Just got to let him go with other dogs that's already been doing it for awhile and he wilk pick it up and get a pig let it lose in a big field and let him work and find it


----------



## grouper throat (Sep 6, 2012)

x2. maybe a bay pen on a small one also.


----------



## coolerman (Sep 6, 2012)

Just expose him to hogs/ hog huntin  with other dogs or by hisself dont expect too much out him when he is not capable of doin the job. Like sending a boy to do a mans job  . Keep him in the woods and feed him tracks . A real hog dog is born not trained JMO , you can train hog dogs , but a sho'nuff hogdog is just born ...before its all said and done you will look back and realize he trained you as much as you trained him ...good luck


----------



## markhammett (Nov 5, 2012)

coolerman said:


> Just expose him to hogs/ hog huntin  with other dogs or by hisself dont expect too much out him when he is not capable of doin the job. Like sending a boy to do a mans job  . Keep him in the woods and feed him tracks . A real hog dog is born not trained JMO , you can train hog dogs , but a sho'nuff hogdog is just born ...before its all said and done you will look back and realize he trained you as much as you trained him ...good luck





x2    you nailed it.   all my best dogs just did it.  it was just natural from the get go.   and there are just not enough dogs like that made.  they are few and far between.  Its an on going search.  if they are too frustrating they probly  won't make it on my yard.  but as long as they are improving each time out i'll continue to carry them.


----------



## sghoghunter (Nov 6, 2012)

I agree with the two above.
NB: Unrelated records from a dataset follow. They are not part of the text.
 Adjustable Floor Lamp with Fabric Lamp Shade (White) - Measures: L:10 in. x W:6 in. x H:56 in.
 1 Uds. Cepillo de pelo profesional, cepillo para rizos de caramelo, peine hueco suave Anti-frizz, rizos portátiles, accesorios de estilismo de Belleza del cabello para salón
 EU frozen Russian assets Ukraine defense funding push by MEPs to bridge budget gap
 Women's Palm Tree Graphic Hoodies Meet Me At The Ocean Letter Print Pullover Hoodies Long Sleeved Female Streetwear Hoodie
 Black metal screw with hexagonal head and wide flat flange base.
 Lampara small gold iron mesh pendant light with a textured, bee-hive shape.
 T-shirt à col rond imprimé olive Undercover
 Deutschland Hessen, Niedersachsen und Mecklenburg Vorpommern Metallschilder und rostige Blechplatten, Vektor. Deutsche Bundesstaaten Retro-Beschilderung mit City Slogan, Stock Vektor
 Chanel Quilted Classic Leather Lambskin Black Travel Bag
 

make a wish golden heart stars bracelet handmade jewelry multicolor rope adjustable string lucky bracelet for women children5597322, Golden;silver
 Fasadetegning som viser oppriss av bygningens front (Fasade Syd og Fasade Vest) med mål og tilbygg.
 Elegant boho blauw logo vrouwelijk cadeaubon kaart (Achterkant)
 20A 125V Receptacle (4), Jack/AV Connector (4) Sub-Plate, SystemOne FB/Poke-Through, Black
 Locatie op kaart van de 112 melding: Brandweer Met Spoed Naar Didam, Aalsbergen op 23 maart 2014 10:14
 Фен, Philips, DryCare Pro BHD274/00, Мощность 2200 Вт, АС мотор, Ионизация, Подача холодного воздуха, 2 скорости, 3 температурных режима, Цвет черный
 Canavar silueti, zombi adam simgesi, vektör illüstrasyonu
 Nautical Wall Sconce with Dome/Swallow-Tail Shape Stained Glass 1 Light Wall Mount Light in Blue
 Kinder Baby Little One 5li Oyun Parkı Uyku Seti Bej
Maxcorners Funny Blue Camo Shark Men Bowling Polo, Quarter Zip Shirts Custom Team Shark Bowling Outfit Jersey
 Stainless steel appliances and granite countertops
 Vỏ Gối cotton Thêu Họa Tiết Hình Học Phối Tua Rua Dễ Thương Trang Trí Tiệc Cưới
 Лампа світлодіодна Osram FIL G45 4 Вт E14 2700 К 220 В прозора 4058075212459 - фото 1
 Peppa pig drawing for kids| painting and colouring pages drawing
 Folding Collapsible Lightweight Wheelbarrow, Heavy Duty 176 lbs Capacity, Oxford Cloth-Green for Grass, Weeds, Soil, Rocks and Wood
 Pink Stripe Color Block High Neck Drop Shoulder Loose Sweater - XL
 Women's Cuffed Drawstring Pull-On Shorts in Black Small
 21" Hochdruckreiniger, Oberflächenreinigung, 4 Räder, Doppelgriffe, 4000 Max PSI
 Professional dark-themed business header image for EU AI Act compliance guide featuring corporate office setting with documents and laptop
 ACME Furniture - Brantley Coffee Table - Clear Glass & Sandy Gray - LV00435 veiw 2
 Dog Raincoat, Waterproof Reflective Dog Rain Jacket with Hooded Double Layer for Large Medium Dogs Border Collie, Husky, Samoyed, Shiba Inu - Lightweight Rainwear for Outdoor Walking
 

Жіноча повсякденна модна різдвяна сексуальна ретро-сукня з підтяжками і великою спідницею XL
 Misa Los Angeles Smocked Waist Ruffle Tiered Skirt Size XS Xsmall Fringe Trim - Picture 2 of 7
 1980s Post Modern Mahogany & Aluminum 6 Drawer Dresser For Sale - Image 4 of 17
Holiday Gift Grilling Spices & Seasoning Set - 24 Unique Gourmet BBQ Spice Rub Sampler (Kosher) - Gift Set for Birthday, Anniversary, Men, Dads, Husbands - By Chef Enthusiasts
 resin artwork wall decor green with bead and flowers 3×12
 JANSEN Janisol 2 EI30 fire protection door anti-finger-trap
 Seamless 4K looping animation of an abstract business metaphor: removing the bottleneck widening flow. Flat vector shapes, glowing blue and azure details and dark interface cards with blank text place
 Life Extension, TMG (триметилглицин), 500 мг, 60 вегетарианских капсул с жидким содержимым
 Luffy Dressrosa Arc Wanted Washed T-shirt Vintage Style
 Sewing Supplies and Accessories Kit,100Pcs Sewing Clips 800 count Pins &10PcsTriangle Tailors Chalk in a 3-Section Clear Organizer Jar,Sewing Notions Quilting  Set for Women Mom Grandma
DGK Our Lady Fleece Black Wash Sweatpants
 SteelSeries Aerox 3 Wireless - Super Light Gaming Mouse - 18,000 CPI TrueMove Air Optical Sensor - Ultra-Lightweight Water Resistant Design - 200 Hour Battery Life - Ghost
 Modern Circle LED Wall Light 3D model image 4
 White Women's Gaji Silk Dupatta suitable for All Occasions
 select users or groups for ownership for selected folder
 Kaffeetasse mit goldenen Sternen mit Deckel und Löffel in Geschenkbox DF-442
I also believe any dog has the ability to catch hogs but the true hog dogs are born with it.


----------



## tusker (Nov 20, 2012)

at 7 weeks old you can start by basic commands, handling it, and letting him get confidence in using his nose with bits of hot dogs dragged around and hidden. dont over do it with a pup, we've all been there and over eager, but there is such a thing as starting a dog too early!


----------



## baydog (Nov 20, 2012)

dont buy puppies that young talk to some hunters and someone will give you one . you will not train him to hunt he will or he will waste your time, save some money get a short range hot nose dog that want run off and leave him he will learn  more that way than you can ever teach him. if you find someone to go with learn their dogs before you take him only turn him out with dogs that hunt if they have kick dogs out leave him in the box until you get him going good or he may want to hang around with them and lose intrest in want he should do.


----------



## rivercritter (Dec 22, 2012)

get rid of it now and save time and money and get a hound


----------



## buddylee (Dec 23, 2012)

I think he wants to catch hogs not run hogs


----------



## rivercritter (Dec 25, 2012)

i think u like walkin dogs not dogs that do the walkin


----------



## buddylee (Dec 26, 2012)

Lol


----------